*TASK*: For the listing below, return the line containing "Contoured Sleep Mask", the line containing "Synthetic 24 Inch", and all lines in between, exactly as written and nothing else.

*DATASET CONTENT*:
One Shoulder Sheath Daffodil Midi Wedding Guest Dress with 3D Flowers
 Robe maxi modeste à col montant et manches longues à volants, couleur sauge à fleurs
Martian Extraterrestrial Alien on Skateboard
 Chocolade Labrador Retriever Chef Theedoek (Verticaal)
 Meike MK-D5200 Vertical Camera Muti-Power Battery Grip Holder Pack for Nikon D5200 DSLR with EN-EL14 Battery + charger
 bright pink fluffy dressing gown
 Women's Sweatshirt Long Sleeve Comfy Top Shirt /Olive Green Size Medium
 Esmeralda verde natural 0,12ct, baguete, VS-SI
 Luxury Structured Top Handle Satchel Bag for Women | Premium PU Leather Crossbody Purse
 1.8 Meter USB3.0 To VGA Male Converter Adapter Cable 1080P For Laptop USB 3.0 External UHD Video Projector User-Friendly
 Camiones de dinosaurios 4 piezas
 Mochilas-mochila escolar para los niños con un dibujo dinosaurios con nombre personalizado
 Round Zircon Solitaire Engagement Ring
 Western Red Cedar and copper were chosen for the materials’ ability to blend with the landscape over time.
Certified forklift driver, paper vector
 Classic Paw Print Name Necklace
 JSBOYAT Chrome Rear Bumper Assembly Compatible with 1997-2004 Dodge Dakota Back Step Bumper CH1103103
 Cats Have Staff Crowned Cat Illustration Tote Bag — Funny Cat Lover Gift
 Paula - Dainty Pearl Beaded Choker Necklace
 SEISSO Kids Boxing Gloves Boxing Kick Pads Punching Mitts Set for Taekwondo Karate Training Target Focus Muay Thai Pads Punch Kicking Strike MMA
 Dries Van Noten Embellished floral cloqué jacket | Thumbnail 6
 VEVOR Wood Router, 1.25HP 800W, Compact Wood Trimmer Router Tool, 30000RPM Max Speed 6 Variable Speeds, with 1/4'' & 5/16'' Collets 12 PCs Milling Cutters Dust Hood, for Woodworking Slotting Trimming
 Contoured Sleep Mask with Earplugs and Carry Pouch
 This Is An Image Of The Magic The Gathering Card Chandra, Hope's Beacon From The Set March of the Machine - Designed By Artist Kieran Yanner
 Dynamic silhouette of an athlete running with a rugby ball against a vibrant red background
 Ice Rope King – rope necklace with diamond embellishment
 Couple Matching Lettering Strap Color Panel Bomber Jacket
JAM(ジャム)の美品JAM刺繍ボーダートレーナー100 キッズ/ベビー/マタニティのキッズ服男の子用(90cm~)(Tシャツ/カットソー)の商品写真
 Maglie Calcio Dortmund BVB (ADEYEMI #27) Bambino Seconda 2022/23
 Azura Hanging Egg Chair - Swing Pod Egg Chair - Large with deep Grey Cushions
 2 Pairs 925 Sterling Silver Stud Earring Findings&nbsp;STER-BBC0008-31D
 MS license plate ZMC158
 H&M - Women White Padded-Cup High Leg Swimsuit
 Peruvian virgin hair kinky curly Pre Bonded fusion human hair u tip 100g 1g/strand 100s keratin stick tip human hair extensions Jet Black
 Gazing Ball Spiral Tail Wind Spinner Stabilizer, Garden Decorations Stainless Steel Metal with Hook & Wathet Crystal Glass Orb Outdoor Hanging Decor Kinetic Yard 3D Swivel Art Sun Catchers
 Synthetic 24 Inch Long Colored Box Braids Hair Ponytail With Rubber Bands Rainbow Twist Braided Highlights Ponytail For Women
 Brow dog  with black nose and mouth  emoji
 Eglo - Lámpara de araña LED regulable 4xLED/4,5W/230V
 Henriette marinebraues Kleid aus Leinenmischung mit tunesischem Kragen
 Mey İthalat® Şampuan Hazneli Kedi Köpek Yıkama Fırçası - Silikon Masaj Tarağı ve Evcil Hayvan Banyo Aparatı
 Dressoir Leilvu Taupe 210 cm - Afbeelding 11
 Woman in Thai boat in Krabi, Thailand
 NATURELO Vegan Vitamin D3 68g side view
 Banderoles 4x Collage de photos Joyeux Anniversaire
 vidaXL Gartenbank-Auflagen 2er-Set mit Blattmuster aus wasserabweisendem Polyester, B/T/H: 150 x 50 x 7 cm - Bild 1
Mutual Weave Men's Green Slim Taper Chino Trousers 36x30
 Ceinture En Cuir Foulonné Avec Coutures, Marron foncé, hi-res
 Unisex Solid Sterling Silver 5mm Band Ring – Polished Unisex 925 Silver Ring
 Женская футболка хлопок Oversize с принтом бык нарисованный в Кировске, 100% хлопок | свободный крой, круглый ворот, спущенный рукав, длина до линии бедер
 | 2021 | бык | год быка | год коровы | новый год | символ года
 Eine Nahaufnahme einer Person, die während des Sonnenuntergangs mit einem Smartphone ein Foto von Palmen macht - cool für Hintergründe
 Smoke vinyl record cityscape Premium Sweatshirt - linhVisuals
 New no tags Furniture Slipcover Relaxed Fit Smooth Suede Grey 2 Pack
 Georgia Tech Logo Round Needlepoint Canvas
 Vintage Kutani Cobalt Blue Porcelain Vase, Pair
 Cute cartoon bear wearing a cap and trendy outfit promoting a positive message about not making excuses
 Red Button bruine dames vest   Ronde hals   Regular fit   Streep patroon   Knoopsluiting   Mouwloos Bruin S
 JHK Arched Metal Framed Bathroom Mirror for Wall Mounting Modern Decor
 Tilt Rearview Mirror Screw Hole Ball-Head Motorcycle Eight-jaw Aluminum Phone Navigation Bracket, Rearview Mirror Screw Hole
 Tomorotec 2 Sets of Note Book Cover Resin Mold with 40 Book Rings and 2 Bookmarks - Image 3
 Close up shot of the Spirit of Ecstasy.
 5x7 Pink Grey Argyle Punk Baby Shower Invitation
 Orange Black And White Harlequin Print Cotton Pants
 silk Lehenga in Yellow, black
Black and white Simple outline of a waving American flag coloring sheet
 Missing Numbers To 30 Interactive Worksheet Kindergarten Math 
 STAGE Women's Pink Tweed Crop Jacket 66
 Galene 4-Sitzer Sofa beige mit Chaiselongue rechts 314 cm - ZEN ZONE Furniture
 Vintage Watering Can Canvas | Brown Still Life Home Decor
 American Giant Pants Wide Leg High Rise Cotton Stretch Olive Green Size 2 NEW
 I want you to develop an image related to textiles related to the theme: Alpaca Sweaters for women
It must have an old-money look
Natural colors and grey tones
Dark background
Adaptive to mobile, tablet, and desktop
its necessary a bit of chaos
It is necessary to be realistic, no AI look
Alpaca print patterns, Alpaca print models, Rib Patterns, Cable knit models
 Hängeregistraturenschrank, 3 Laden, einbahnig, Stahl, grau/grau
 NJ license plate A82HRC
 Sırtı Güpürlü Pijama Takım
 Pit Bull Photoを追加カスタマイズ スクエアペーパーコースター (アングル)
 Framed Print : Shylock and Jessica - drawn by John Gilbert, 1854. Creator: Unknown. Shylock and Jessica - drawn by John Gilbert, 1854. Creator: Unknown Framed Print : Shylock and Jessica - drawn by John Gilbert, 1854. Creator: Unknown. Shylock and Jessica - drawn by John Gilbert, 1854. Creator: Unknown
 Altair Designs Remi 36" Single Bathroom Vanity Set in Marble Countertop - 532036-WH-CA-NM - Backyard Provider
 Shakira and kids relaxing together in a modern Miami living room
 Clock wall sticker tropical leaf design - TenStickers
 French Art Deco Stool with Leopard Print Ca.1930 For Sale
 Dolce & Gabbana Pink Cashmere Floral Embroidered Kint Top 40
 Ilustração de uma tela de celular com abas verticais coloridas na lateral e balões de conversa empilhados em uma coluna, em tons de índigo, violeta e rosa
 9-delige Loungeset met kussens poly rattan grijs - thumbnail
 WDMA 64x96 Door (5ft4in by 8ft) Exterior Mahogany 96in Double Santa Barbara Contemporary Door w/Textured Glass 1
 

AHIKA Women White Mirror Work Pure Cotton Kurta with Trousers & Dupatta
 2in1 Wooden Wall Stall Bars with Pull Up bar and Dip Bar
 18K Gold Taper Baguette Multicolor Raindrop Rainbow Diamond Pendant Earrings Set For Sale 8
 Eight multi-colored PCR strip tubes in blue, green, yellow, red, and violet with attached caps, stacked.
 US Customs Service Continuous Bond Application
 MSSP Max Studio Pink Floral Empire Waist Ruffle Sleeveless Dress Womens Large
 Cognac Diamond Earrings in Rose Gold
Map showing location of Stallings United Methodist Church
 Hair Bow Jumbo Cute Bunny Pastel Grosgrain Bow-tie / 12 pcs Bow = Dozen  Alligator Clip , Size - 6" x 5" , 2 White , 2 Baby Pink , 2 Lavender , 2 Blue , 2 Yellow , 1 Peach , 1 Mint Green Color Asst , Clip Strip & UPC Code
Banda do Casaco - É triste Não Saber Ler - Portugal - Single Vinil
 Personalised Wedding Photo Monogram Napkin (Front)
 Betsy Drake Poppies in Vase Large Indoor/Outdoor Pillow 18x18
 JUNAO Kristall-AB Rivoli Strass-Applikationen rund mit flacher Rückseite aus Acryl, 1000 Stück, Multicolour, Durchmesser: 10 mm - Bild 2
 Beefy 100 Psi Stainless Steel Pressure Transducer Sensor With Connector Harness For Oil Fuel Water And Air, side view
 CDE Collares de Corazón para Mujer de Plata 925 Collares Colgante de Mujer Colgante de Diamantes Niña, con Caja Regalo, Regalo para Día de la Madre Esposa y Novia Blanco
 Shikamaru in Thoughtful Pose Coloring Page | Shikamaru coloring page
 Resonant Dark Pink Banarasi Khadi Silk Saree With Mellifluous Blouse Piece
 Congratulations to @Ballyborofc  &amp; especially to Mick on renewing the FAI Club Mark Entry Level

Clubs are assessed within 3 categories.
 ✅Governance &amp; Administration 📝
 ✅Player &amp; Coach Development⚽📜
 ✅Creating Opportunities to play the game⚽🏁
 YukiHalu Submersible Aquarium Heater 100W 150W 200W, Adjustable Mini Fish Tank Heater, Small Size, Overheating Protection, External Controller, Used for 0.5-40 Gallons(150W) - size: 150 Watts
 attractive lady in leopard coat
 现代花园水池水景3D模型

*RESPONSE TO THIS EXERCISE*:
 Contoured Sleep Mask with Earplugs and Carry Pouch
 This Is An Image Of The Magic The Gathering Card Chandra, Hope's Beacon From The Set March of the Machine - Designed By Artist Kieran Yanner
 Dynamic silhouette of an athlete running with a rugby ball against a vibrant red background
 Ice Rope King – rope necklace with diamond embellishment
 Couple Matching Lettering Strap Color Panel Bomber Jacket
JAM(ジャム)の美品JAM刺繍ボーダートレーナー100 キッズ/ベビー/マタニティのキッズ服男の子用(90cm~)(Tシャツ/カットソー)の商品写真
 Maglie Calcio Dortmund BVB (ADEYEMI #27) Bambino Seconda 2022/23
 Azura Hanging Egg Chair - Swing Pod Egg Chair - Large with deep Grey Cushions
 2 Pairs 925 Sterling Silver Stud Earring Findings&nbsp;STER-BBC0008-31D
 MS license plate ZMC158
 H&M - Women White Padded-Cup High Leg Swimsuit
 Peruvian virgin hair kinky curly Pre Bonded fusion human hair u tip 100g 1g/strand 100s keratin stick tip human hair extensions Jet Black
 Gazing Ball Spiral Tail Wind Spinner Stabilizer, Garden Decorations Stainless Steel Metal with Hook & Wathet Crystal Glass Orb Outdoor Hanging Decor Kinetic Yard 3D Swivel Art Sun Catchers
 Synthetic 24 Inch Long Colored Box Braids Hair Ponytail With Rubber Bands Rainbow Twist Braided Highlights Ponytail For Women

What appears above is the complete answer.